The silver lining of any dated investing book is that we can check up on how its predictions have fared. In chapter 8, Bogle compared the performance of the 355 equity mutual funds that existed in 1970 to that of the S&P over the 1970-2006 period. He notes that 223 of the funds had gone out of business by 2006, and even most of the surviving funds underperformed the S&P. But he identifies 3 funds that outperformed the S&P significantly (over 2% per year) on a sustained basis (consistently good performance, not just high returns at the beginning when they were small): Davis New York Venture, Fidelity Contrafund, and Franklin Mutual Shares. But how have they done since the book came out?

It is a huge victory for the S&P (in blue). Franklin Mutual Shares is basically flat over the past 20 years, while Davis New York Fund actually lost money. Fidelity Contrafund returned a respectable 281% (about 7% per year), and matched the S&P as recently as 2020. But as of 2025 the S&P is the clear winner, up 411% in 20 years (over 8% per year). Score one for Bogle.

But I still have to wonder if there is a way to beat the S&P- and I think one of Bogle’s warnings is really an idea in disguise. He warns repeatedly about “performance chasing”:

But whatever returns each sector ETF may earn, the investors in those very ETFs will likely, if not certainly, earn returns that fall well behind them. There is abundant evidence that the most popular sector funds of the day are those that have recently enjoyed the most spectacular recent performance, and that such “after-the-fact” popularity is a recipe for unsuccessful investing.

The claim is that investors pile into funds that did well over the past 1-3 years, but these funds subsequently underperform.

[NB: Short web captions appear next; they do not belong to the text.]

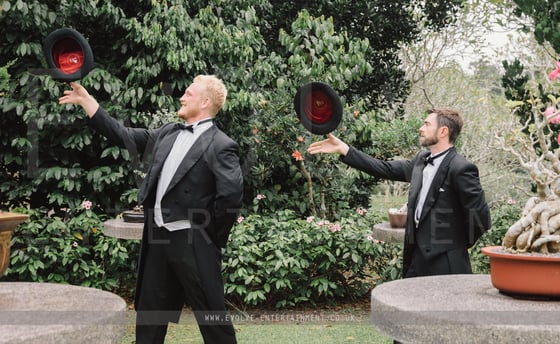Juggling Gentlemen Duo 3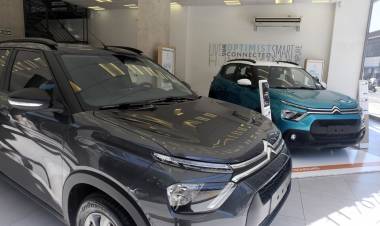 AUTOS, BIEN POR DEBAJO DEL 2023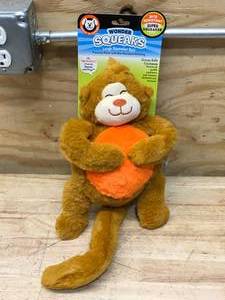 lot 145 image: Wonder Squeaks Large Squeaker Ball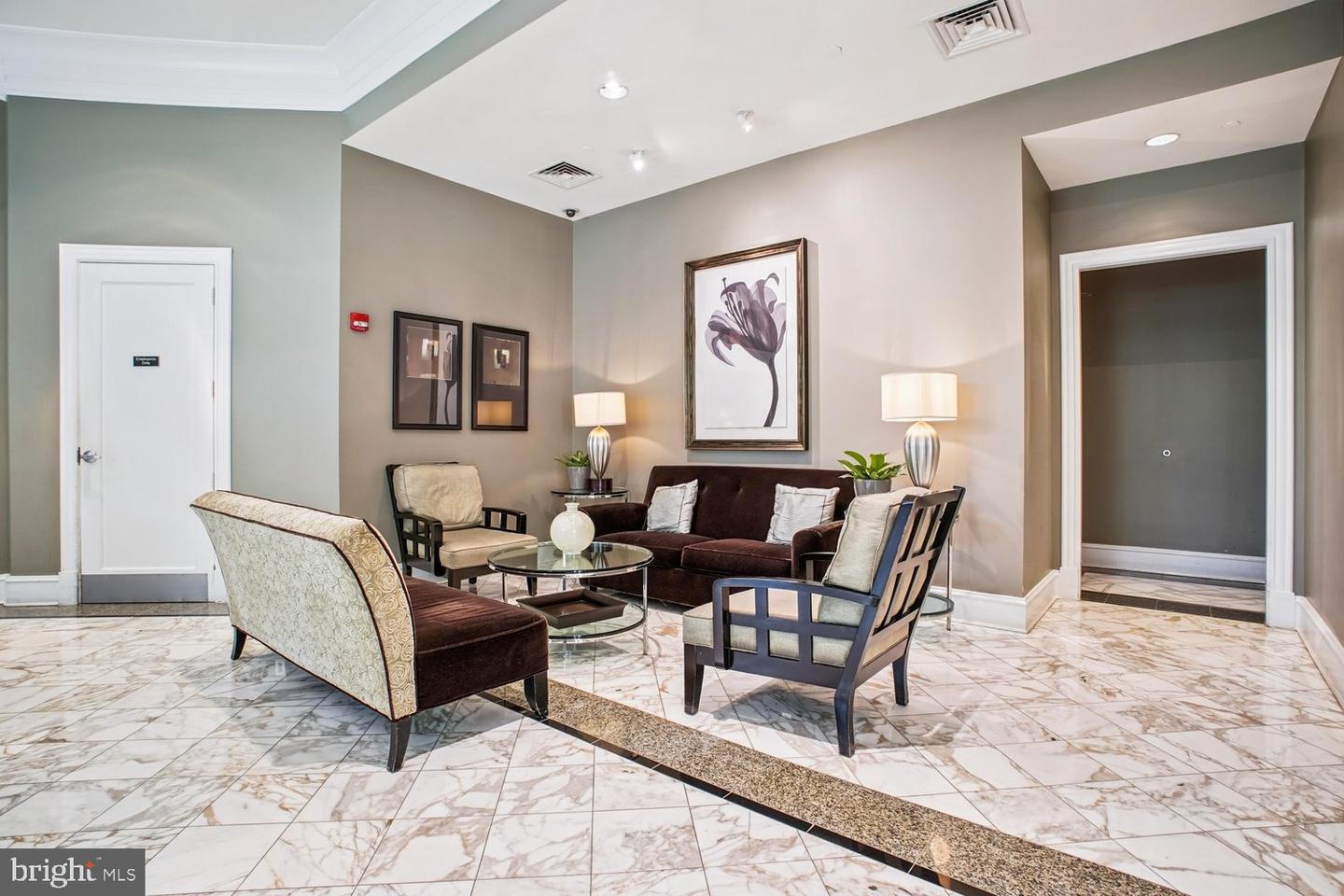 851 Glebe N #2015 Property Photo 35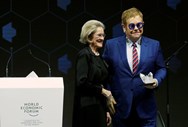 O cantor e compositor Elton John foi homenageado com o Crystal Award, em Davos. O reconhecimento é pelo seu papel no combate à sida. A sua fundação, Elton John AIDS Foundation (EJAF), fundada em 1992, já angariou 400 milhões.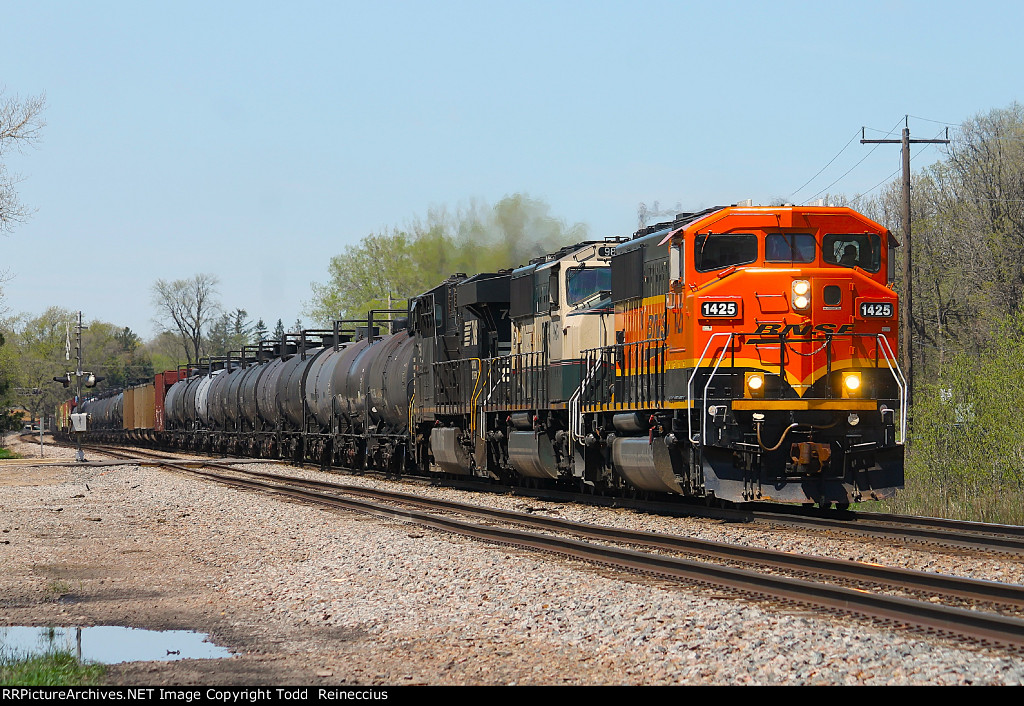 BNSF 1425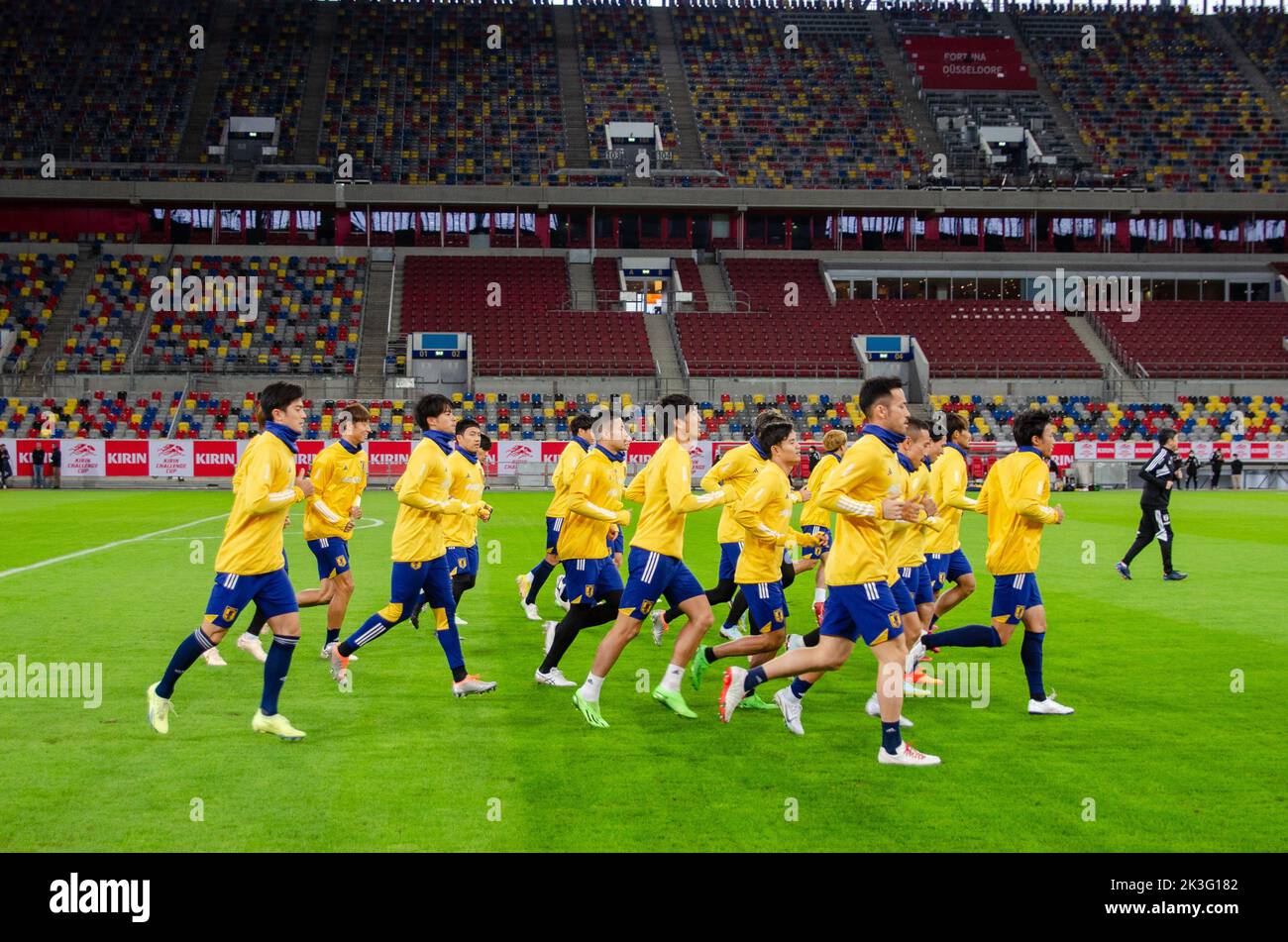 Dusseldorf, Renania settentrionale-Vestfalia, Germania. 26th Set, 2022. La nazionale giapponese corre in campo prima della partita contro il Giappone nella Merkur Spiel Arena di Dusseldorf, in Germania. (Credit Image: © Kai Dambach/ZUMA Press Wire) Foto Stock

But if this is true, could you succeed by reversing the strategy, buying into the unpopular sectors that have recently underperformed? I’ve been wondering about this, though I have yet to try seriously backtesting the idea. I was surprised to see Mr. Index Fund himself support such attempts to beat the market toward the end of his book:

Building an investment portfolio can be exciting…. If you crave excitement, I would encourage you to do exactly that. Life is short. If you want to enjoy the fun, enjoy! But not with one penny more than 5 percent of your investment assets.

He goes on to say that even for the fun 5% of the portfolio he still doesn’t recommend hedge funds, commodity funds, or closet indexers. But go ahead and try buying individual stocks, or actively managed mutual funds “if they are run buy managers who own their own firms, who follow distinctive philosophies, and who invest for the long term, without benchmark hugging.”